Moore's Law, Technology, and Investing
In April of 1965 Gordon Moore (co-founder of Intel) published an article “Cramming more components onto integrated circuits” in the Electronics Magazine. Included was an empirical observation that would later be called Moore's Law: the complexity of integrated circuits, with respect to minimum component cost, doubles every 24 months. What does this mean? For technology enthusiasts and investors, it means only one thing, if you wait two years, for the same cost you will receive twice the transistors on a processor, only the trend isn’t proving to be linear, it's got an exponential curve.
Technical jargon aside, complexity doubles every two years at an ever increasing rate. "Within the next five to 10 years, computers 1,000 times faster than today's computers will become available. These advances herald a new era in scientific computing," as stated by Raymond Orbach, undersecretary for science at the Department of Energy.

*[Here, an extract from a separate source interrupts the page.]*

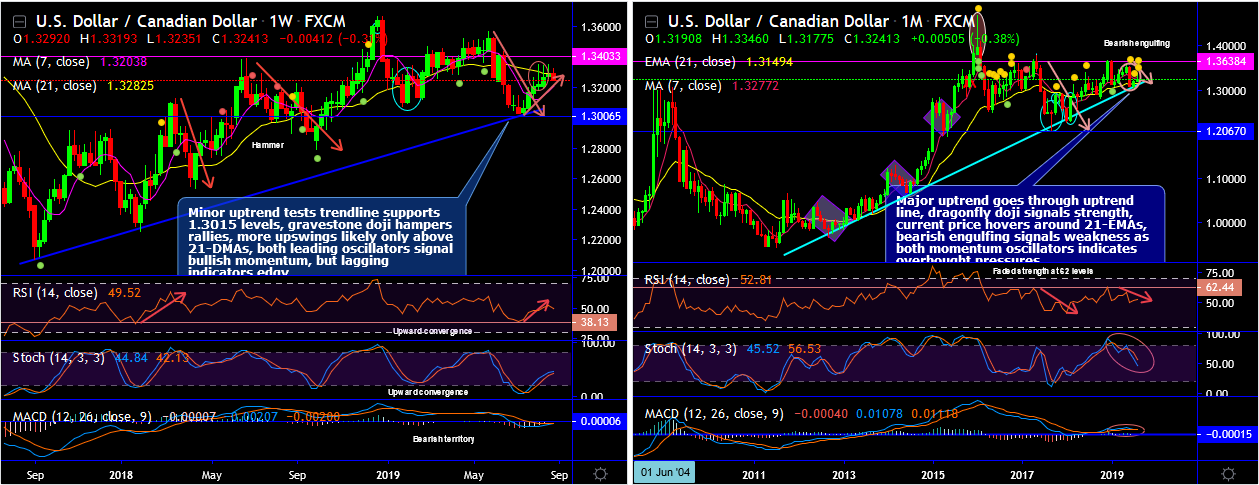 USDCAD-2019-08-27.png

Empirically technology advances, investors however never know where to put their money. As a start, the current processor manufacturer's will continue to see growth until alternative ways of processing are developed (many such developments are being worked on by these manufacturer's already). Without complications from unforeseeable catastrophes, it is a safe bet that the value of shares for these companies will continue to grow right along with the number of computers available to the world's population. It is also well within the realm of probability that major developers of other circuit based technologies will continue to grow right alongside the chips.
Empirical evidence shows, the complexity of circuits will continue to increase at an alarming rate, the ramifications of which are, increased profit in the arena of technology and scientific development. The difficulty and chance only lie in who to place your bets upon, as this is certainly a race with multiple competitors.